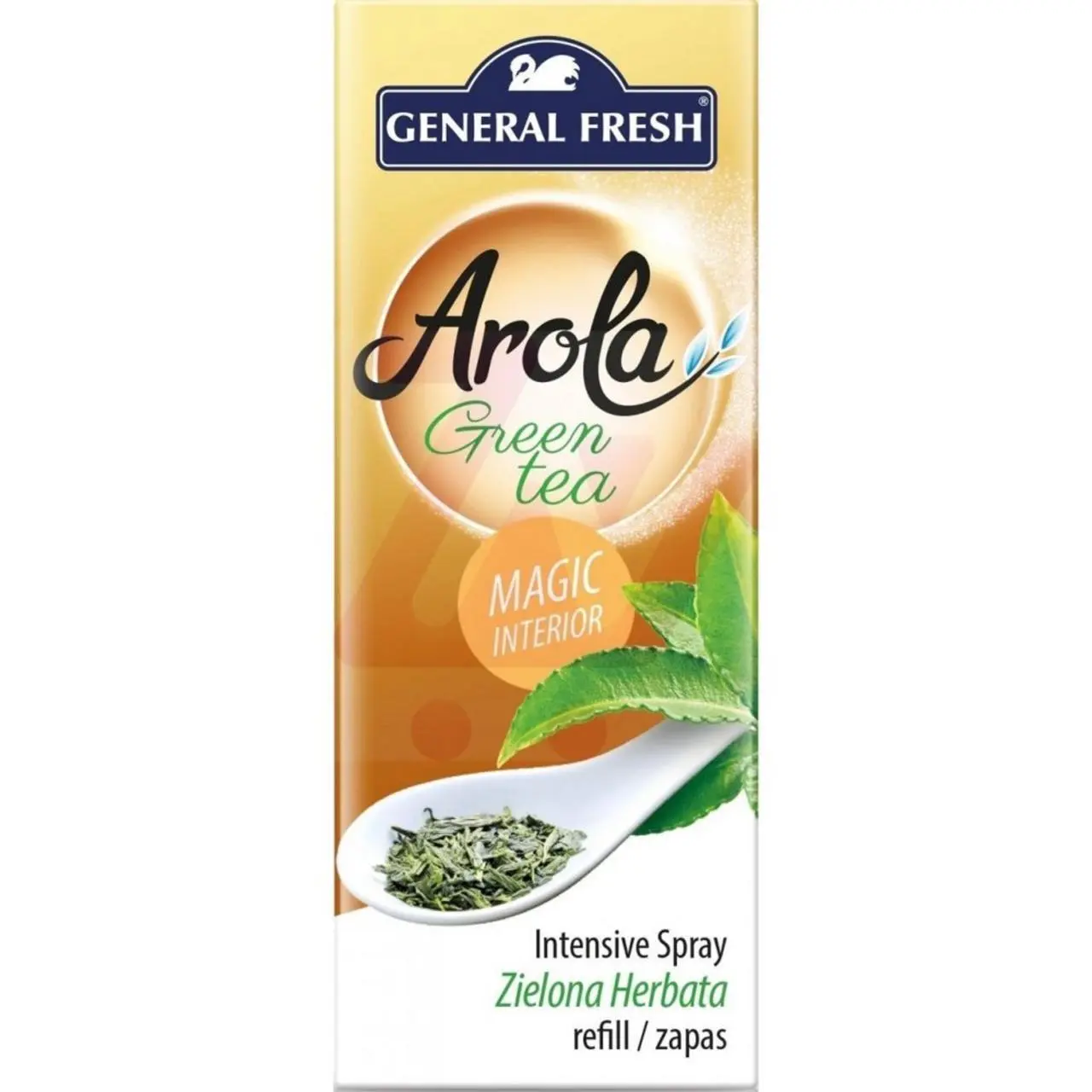 zapas szyszka 40ml ZIELONA HERBATA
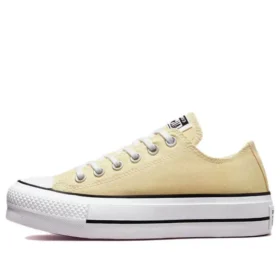 Chuck Taylor All Star Lift Platform Low „Seasonal Color – Lemon Drop“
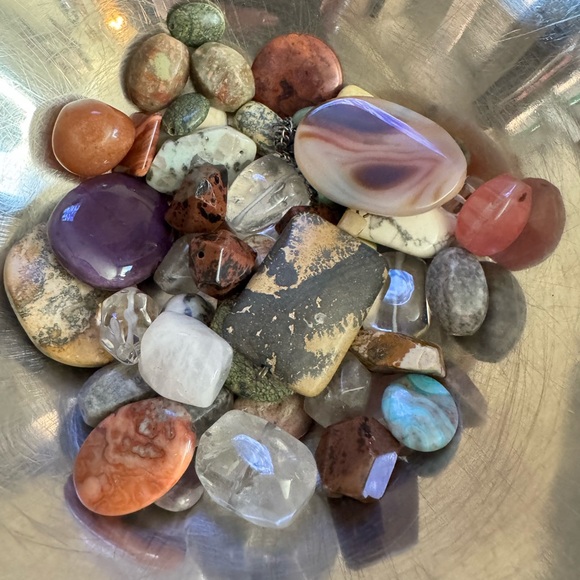 Natural Gemstone Beads Craft Lot - Picture 3 of 9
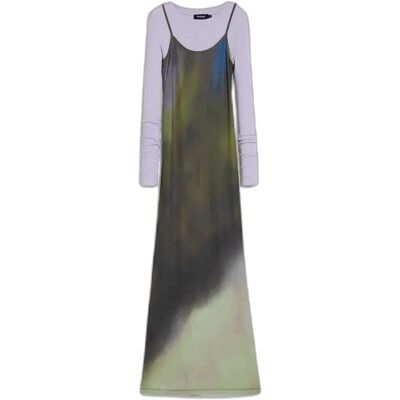 Robe pull femme Desigual Janis Vert XL - Publicité Robe pull femme Desigual Janis Vert XL - Publicité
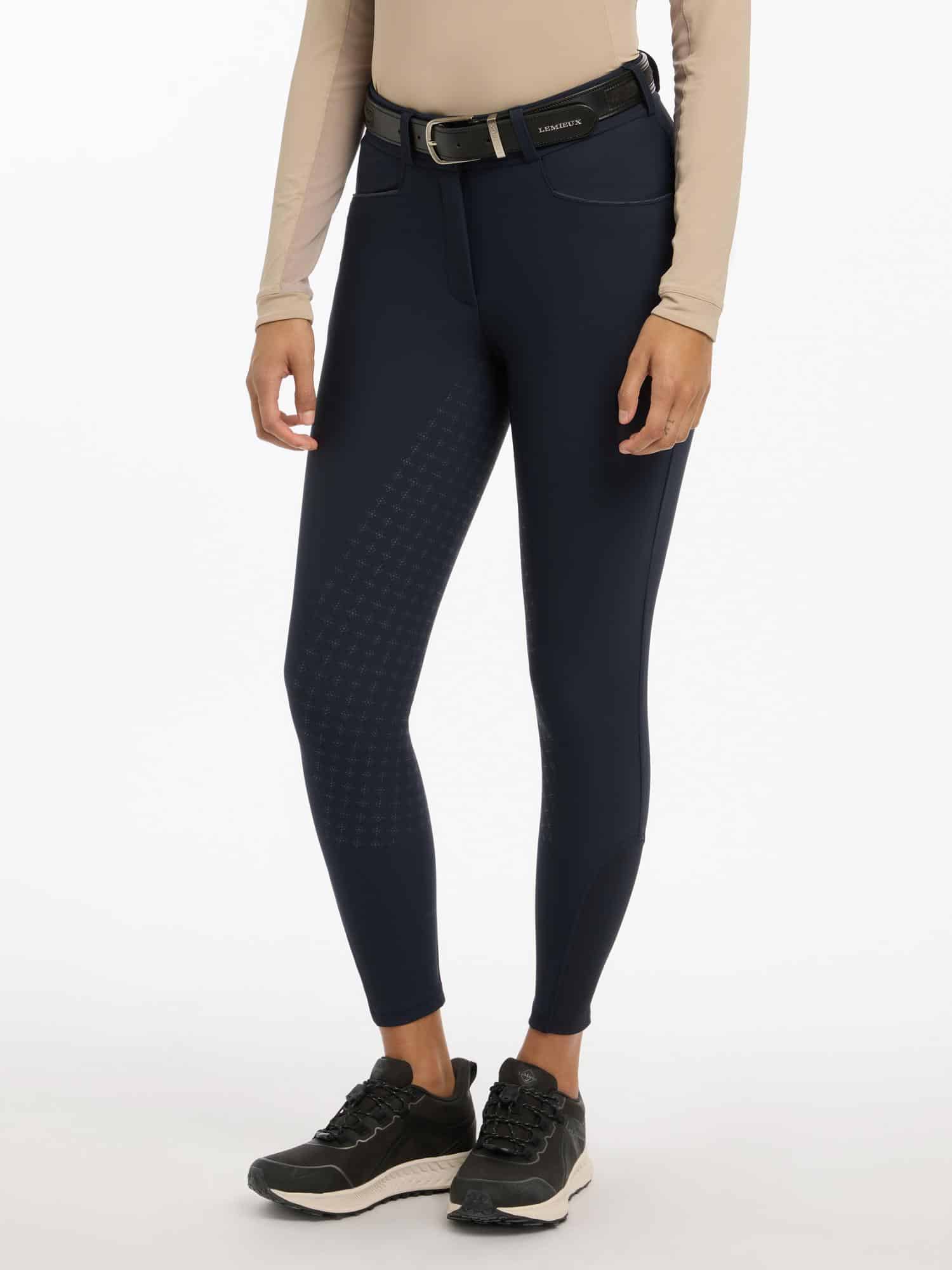 LeMieux Isabelle Full Seat Breeches - Navy image 0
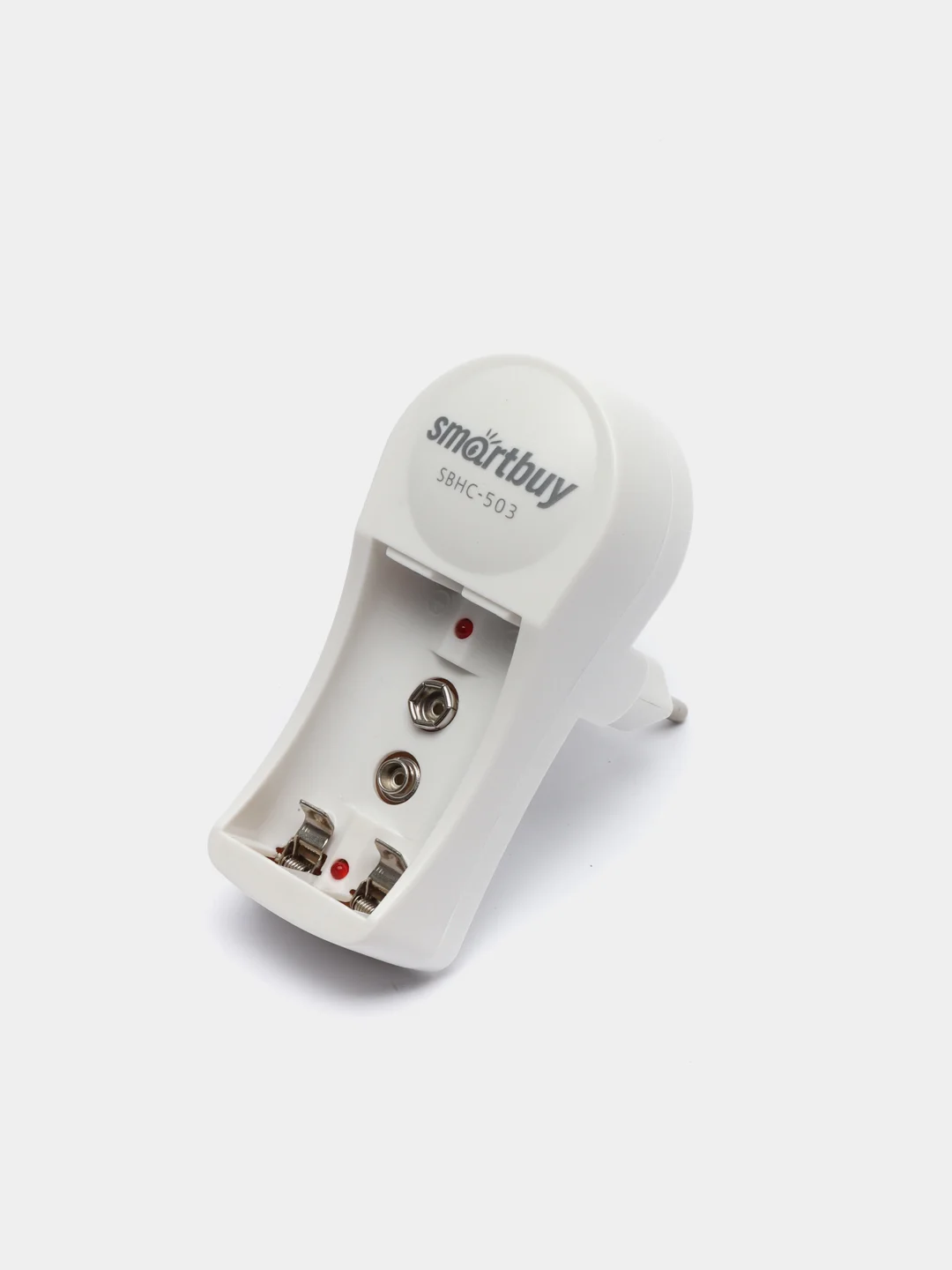 Зарядное устройство для аккумуляторных батареек АА, ААА, 9V крона, Smartbuy SBHC-503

○ ○ ○ ○

# Exercise aim
What is wanted is a verbatim transcription of every record above, pictures excluded.

# Response below
 zapas szyszka 40ml ZIELONA HERBATA
 Chuck Taylor All Star Lift Platform Low „Seasonal Color – Lemon Drop“
 Natural Gemstone Beads Craft Lot - Picture 3 of 9
 Robe pull femme Desigual Janis Vert XL - Publicité Robe pull femme Desigual Janis Vert XL - Publicité
 LeMieux Isabelle Full Seat Breeches - Navy image 0
 Зарядное устройство для аккумуляторных батареек АА, ААА, 9V крона, Smartbuy SBHC-503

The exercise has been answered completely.